I'm wondering if there are any examples atomic examples out there for streaming audio FROM the iPhone to a server. I'm not interested in telephony or SIP style solutions, just a simple socket stream to send an audio clip, in .wav format, as it is being recorded. I haven't had much luck with the google or other obvious avenues, although there seem to be many examples of doing this the other way around.
i cant figure out how to register the unregistered account i initially posted with.

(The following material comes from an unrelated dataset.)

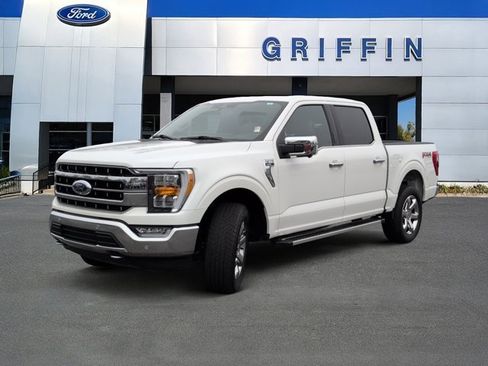 Used 2023 Ford F150 Lariat w/ Trailer Tow Package image 11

anyway, I'm not really interested in the audio format at present, just the streaming aspect. i want to take the microphone input, and stream it from the iphone to a server. i dont presently care about the transfer rate as ill initially just test from a wifi connection, not the 3g setup. the reason i cant cache it is because im interested in trying out some open source speech recognition stuffs for my undergraduate thesis. caching and then sending the recording is possible but then it takes considerably longer to get the voice data to the server. if i can start sending the data as soon as i start recording, then the response time is considerably improved because most of the data will have already reached the server by the time i let go of the record button. furthermore, if i can get this streaming functionality to work from the iphone then on the server side of things i can also start the speech recognizer as soon as the first bit of audio comes through. again this should considerably speech up the final amount of time that the transaction takes from the user perspective.
colin barrett mentions the phones and phone networks, but these are actually a pretty suboptimal solution for asr, mainly because they provide no good way to recover from errors - doing so over a voip dialogue is a horrible experience. however, the iphone and in particular the touch screen provide a great way to do that, through use of an ime or nbest lists for the other recognition candidates.
if i can figure out the basic architecture for streaming the audio, then i can start thinking about doing flac encoding or something to reduce the required transfer rate. maybe even feature extraction, although that limits the later ability to retrain the system with the recordings.